Scraped caption text data:
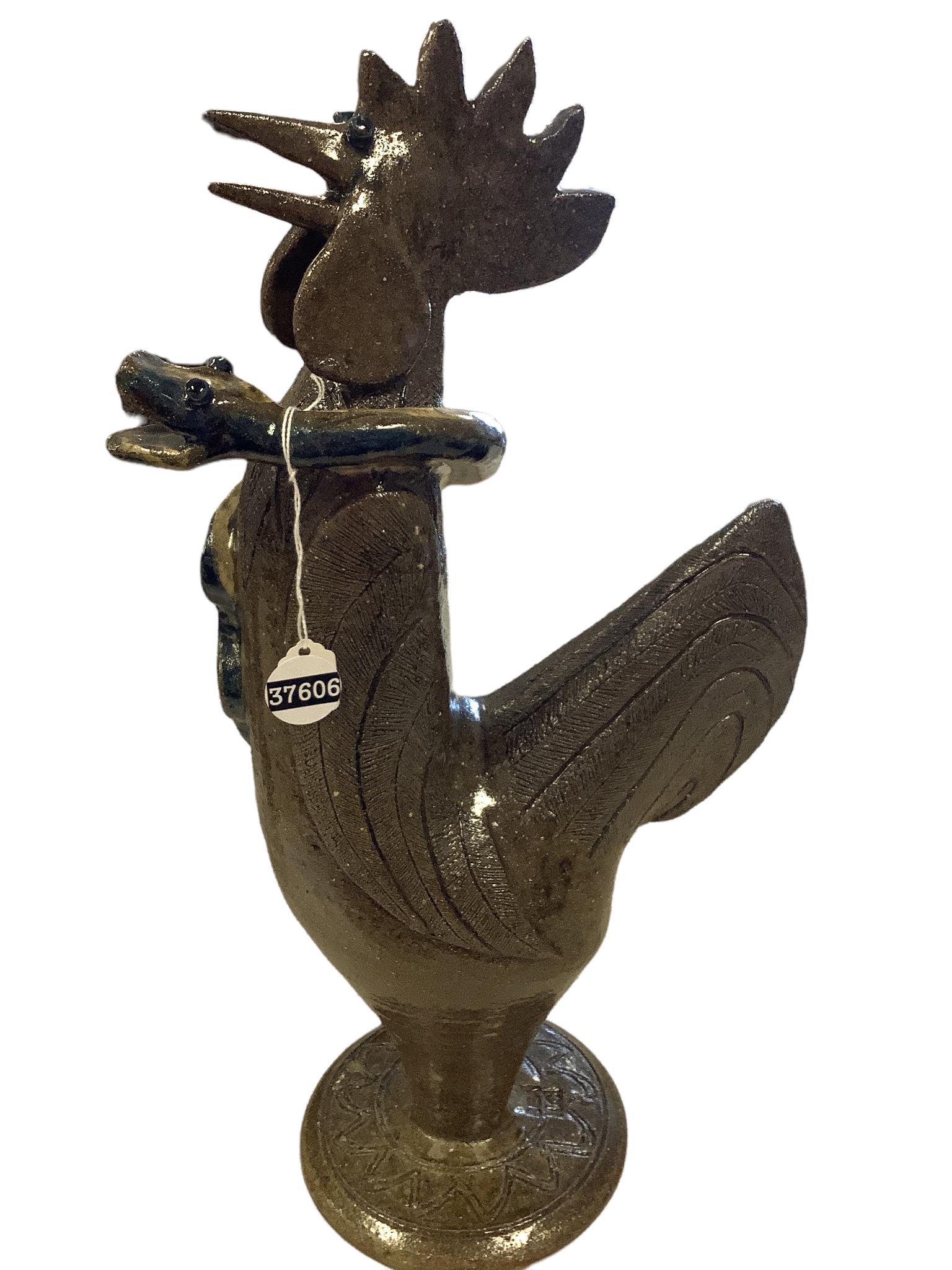 Large signed 19" tall pottery rooster w/snake by Steve Abee in muted green and blue. (1 of 2)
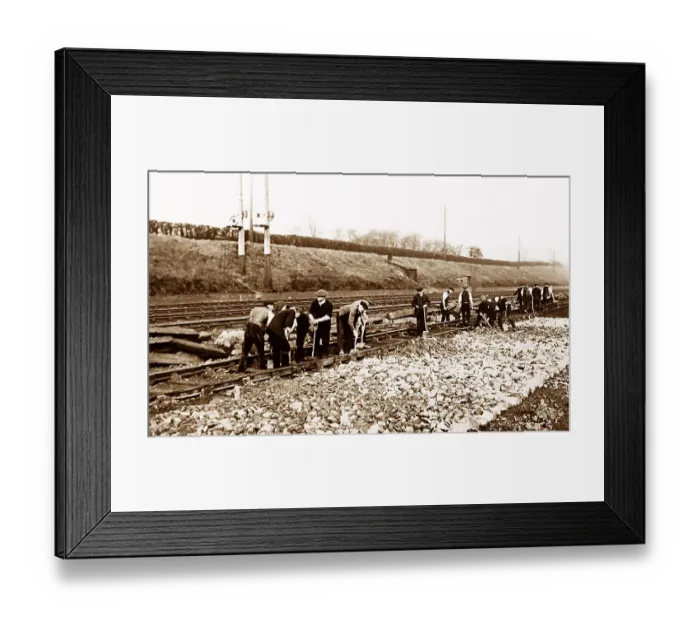 Framed Print : A railway track maintenance gang - early 1900s Framed Print : A railway track maintenance gang - early 1900s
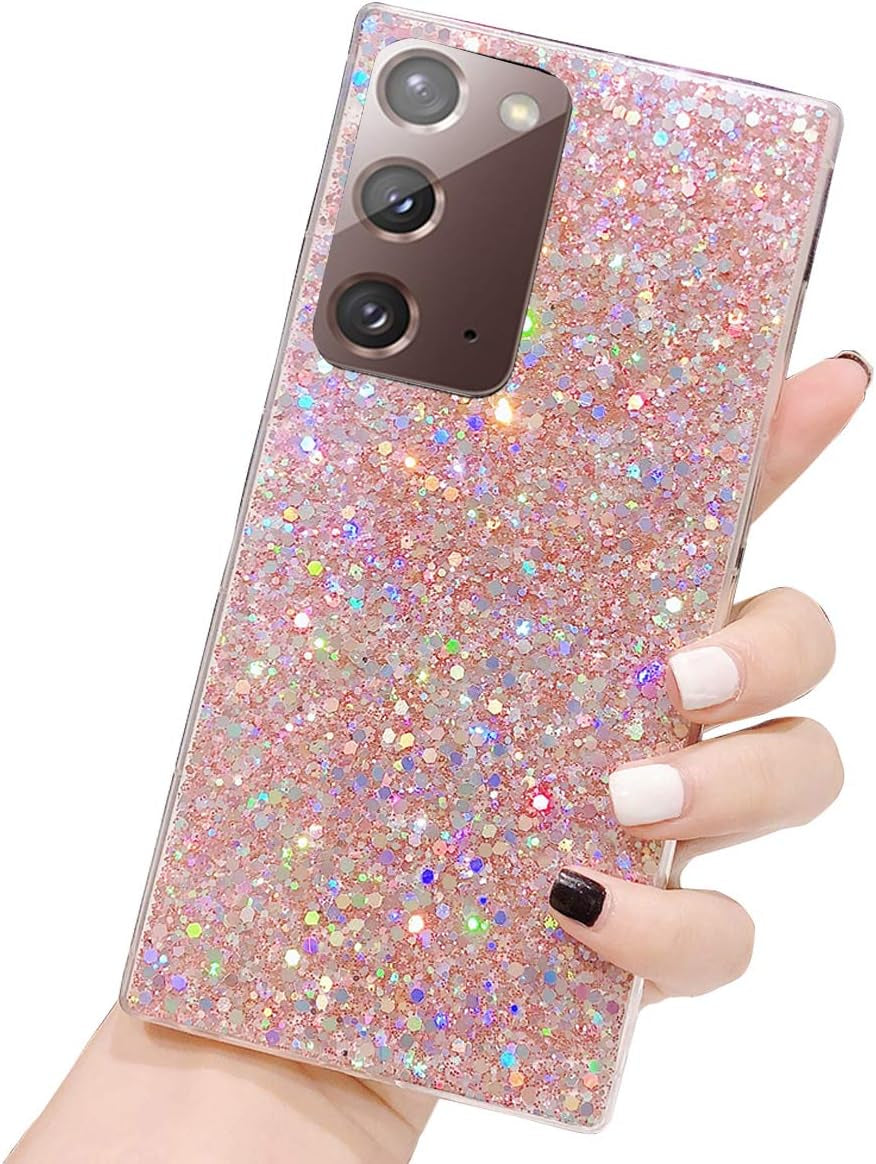 Topwin Galaxy Note 20 5G Glitter Case, Sparkle Bling Shiny Diamond Slim Soft Reflective Clear TPU Rubber Bumper Girl Women Protective Case for Samsung Galaxy Note 20 6.7 Inch 2020 (Silver) Topwin Pink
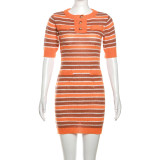 Striped Short Sleeve Buttoned Bodycon Knitting Dress
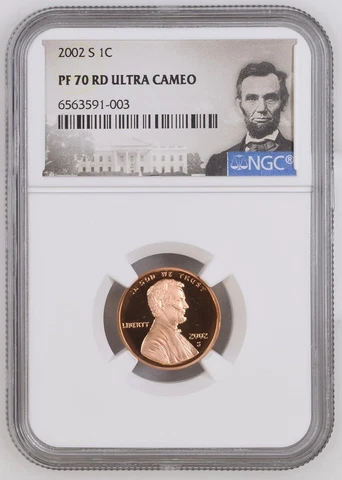 2002 S Proof Lincoln Penny Proof 1C NGC PF70 RD Ultra Cameo Cover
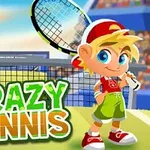 Chlapec s tenisovou raketou na tenisovom kurte vedľa zeleného maskota a nápisom Crazy Tennis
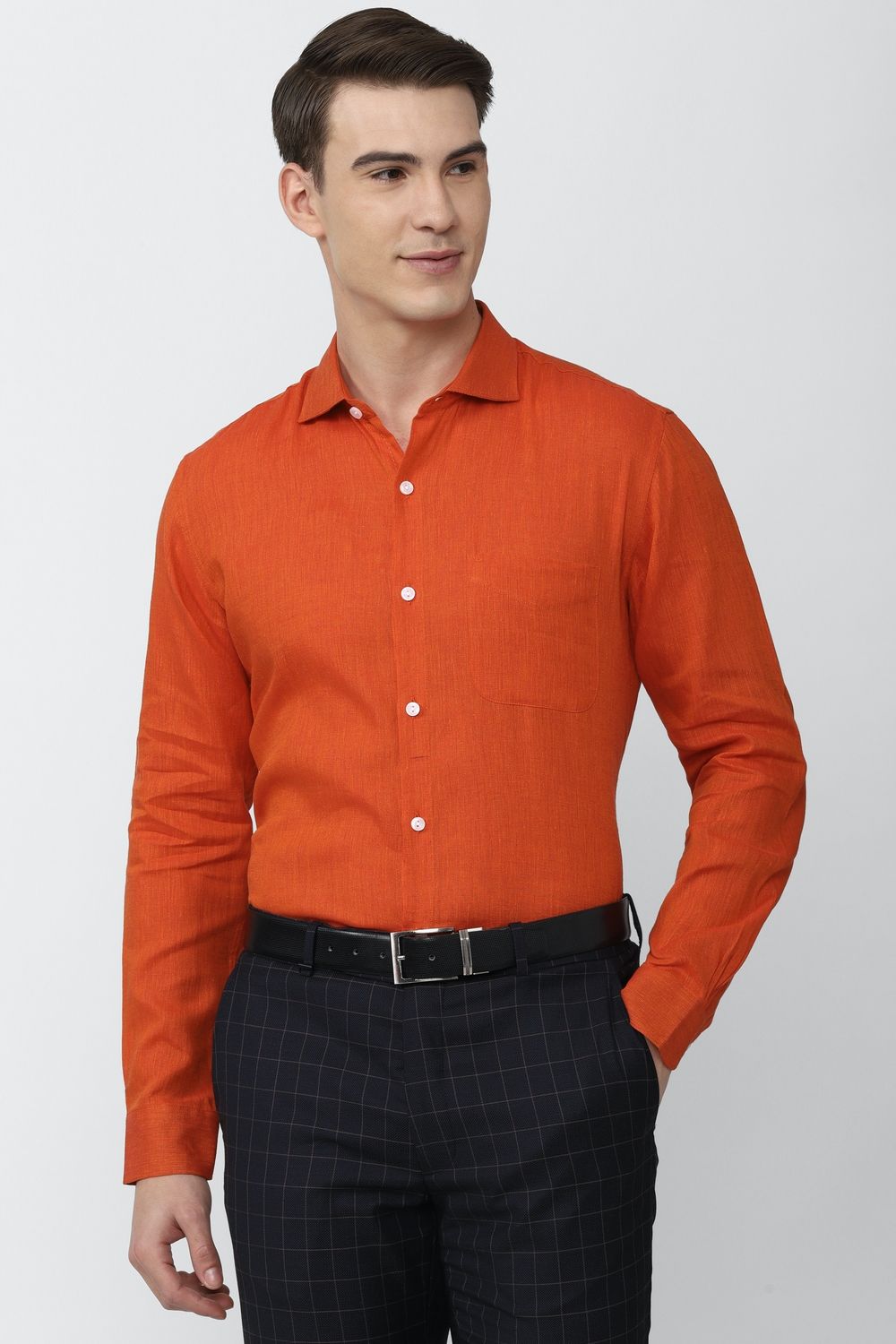 Men Orange Regular Fit Formal Full Sleeves Formal Shirt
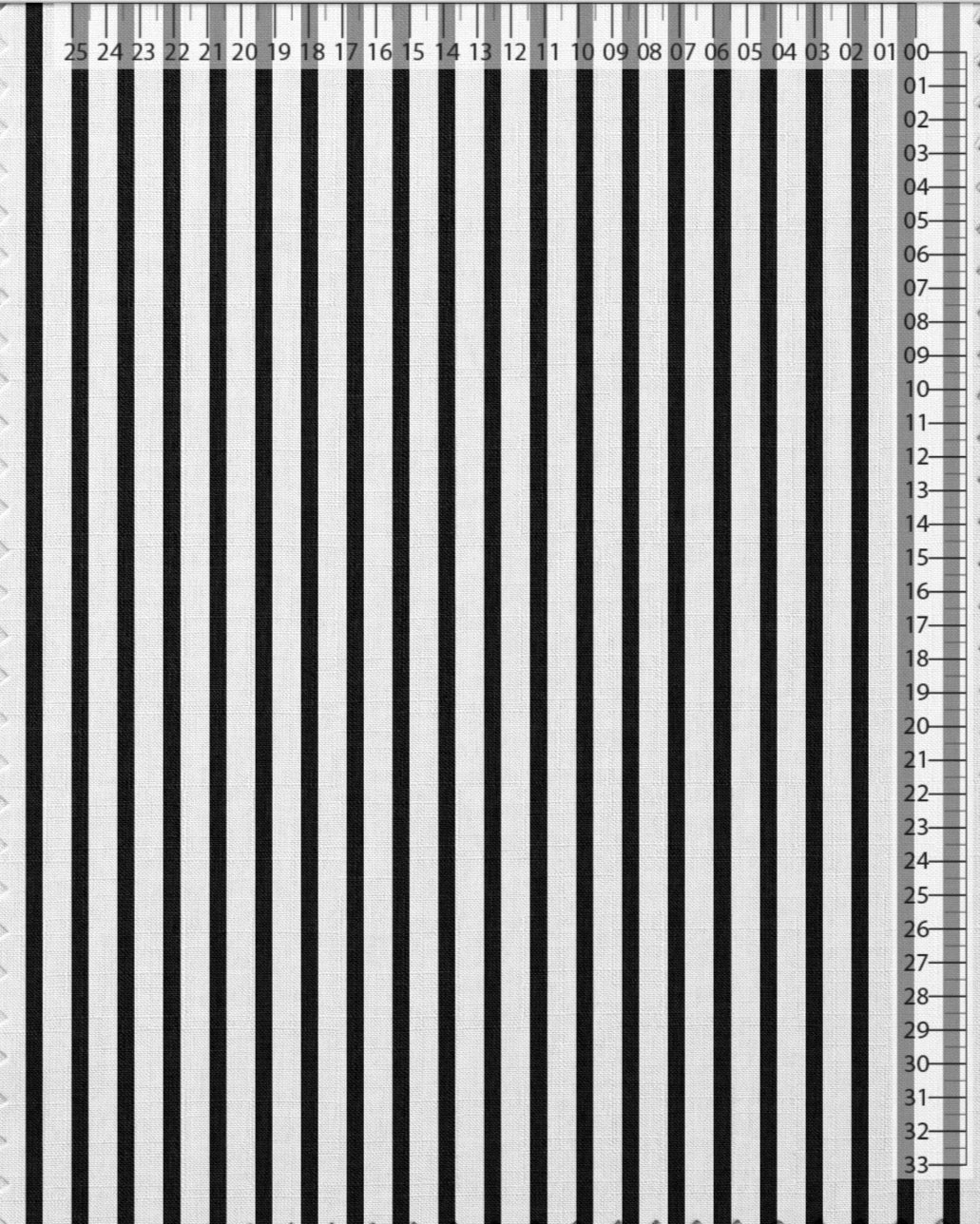 100 % tissu en coton à lignes noires et blanches 125 g/m²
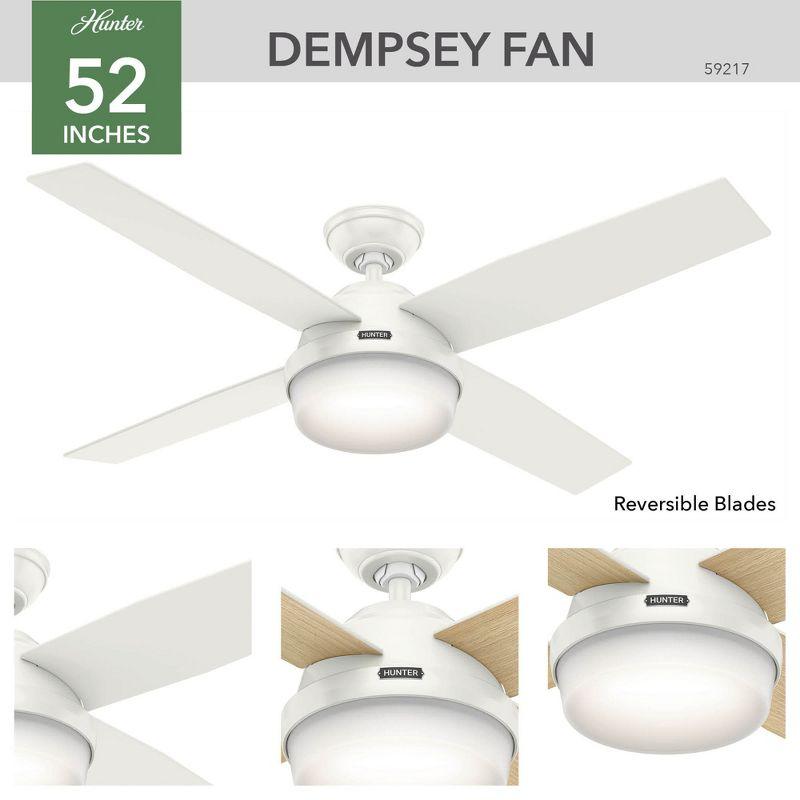 52" Dempsey 4 - Blade LED Standard Ceiling Fan with Remote Control and Light Kit Included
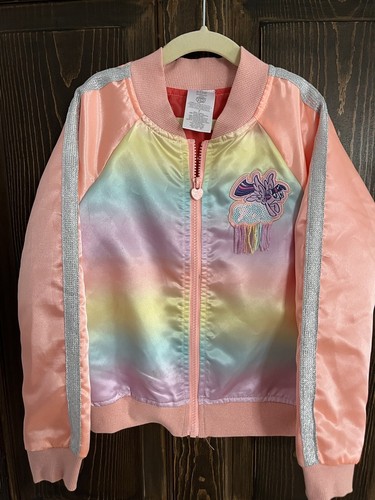 365 Kids Garanimals Girls Bomber Unicorn Rainbow Jacket Size 7 - Picture 3 of 7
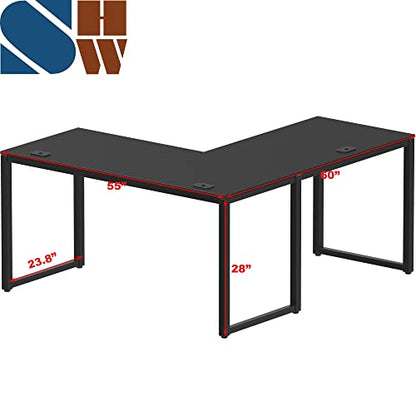 55 x 60 Commercial-Grade L-Shape Corner Office Computer Desk, Black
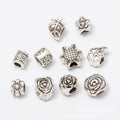 Floral And Leaf Large Hole Silver Tone Metal Beads view 1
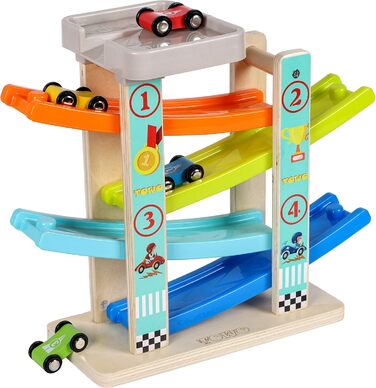 Дерев&39яний мармуровий паркувальний гараж TOWO - з 4 дерев&39яними автомобілями та місцем для паркування на даху - дерев&39яна іг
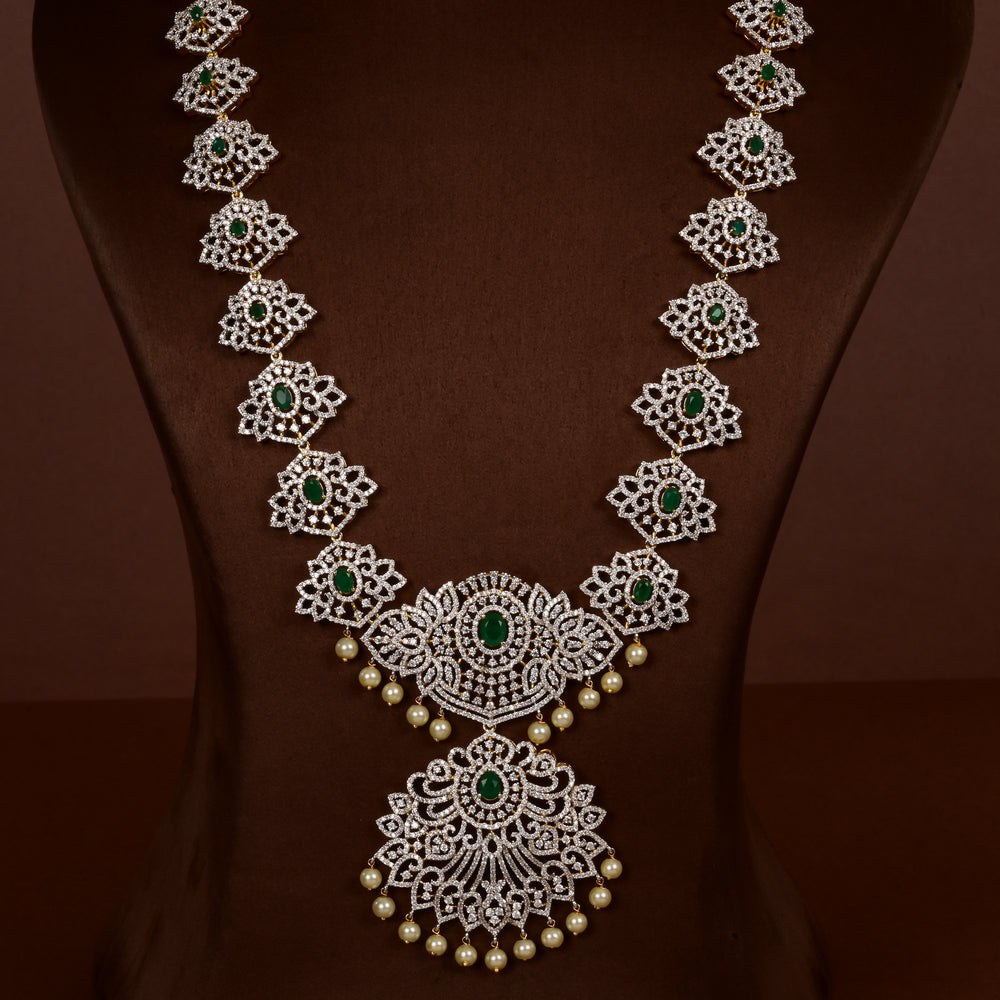 Hriday luxury choker in 92.5 silver with emerald stones, cz diamonds and elegant bridal craftsmanship by Sri Fine Jewellery, Hyderabad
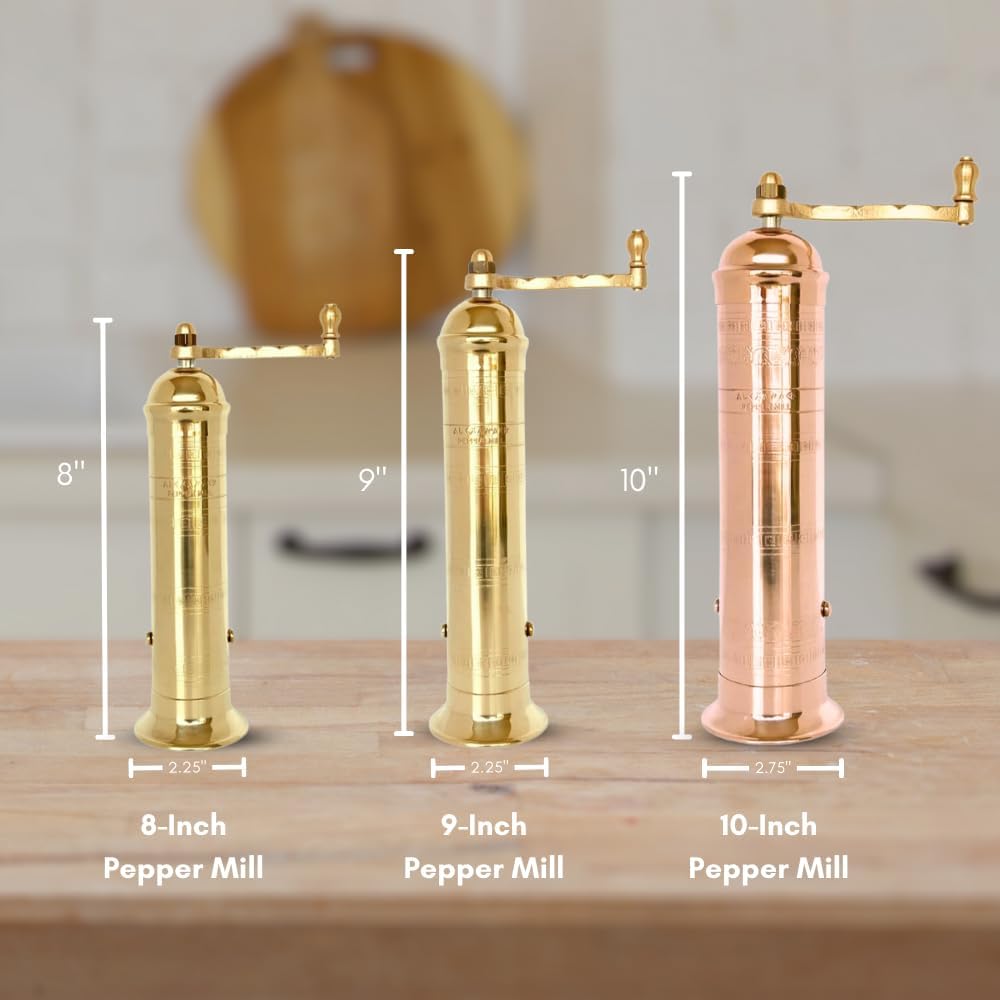 Alexander Home The Original Greek Pepper Mill Brass 10 Inch Tall - Hollow Way Home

Task details: Every line above should be returned exactly; the pictures stay out.

Exercise response:
 Large signed 19" tall pottery rooster w/snake by Steve Abee in muted green and blue. (1 of 2)
 Framed Print : A railway track maintenance gang - early 1900s Framed Print : A railway track maintenance gang - early 1900s
 Topwin Galaxy Note 20 5G Glitter Case, Sparkle Bling Shiny Diamond Slim Soft Reflective Clear TPU Rubber Bumper Girl Women Protective Case for Samsung Galaxy Note 20 6.7 Inch 2020 (Silver) Topwin Pink
 Striped Short Sleeve Buttoned Bodycon Knitting Dress
 2002 S Proof Lincoln Penny Proof 1C NGC PF70 RD Ultra Cameo Cover
 Chlapec s tenisovou raketou na tenisovom kurte vedľa zeleného maskota a nápisom Crazy Tennis
 Men Orange Regular Fit Formal Full Sleeves Formal Shirt
 100 % tissu en coton à lignes noires et blanches 125 g/m²
 52" Dempsey 4 - Blade LED Standard Ceiling Fan with Remote Control and Light Kit Included
 365 Kids Garanimals Girls Bomber Unicorn Rainbow Jacket Size 7 - Picture 3 of 7
 55 x 60 Commercial-Grade L-Shape Corner Office Computer Desk, Black
 Floral And Leaf Large Hole Silver Tone Metal Beads view 1
 Дерев&39яний мармуровий паркувальний гараж TOWO - з 4 дерев&39яними автомобілями та місцем для паркування на даху - дерев&39яна іг
 Hriday luxury choker in 92.5 silver with emerald stones, cz diamonds and elegant bridal craftsmanship by Sri Fine Jewellery, Hyderabad
 Alexander Home The Original Greek Pepper Mill Brass 10 Inch Tall - Hollow Way Home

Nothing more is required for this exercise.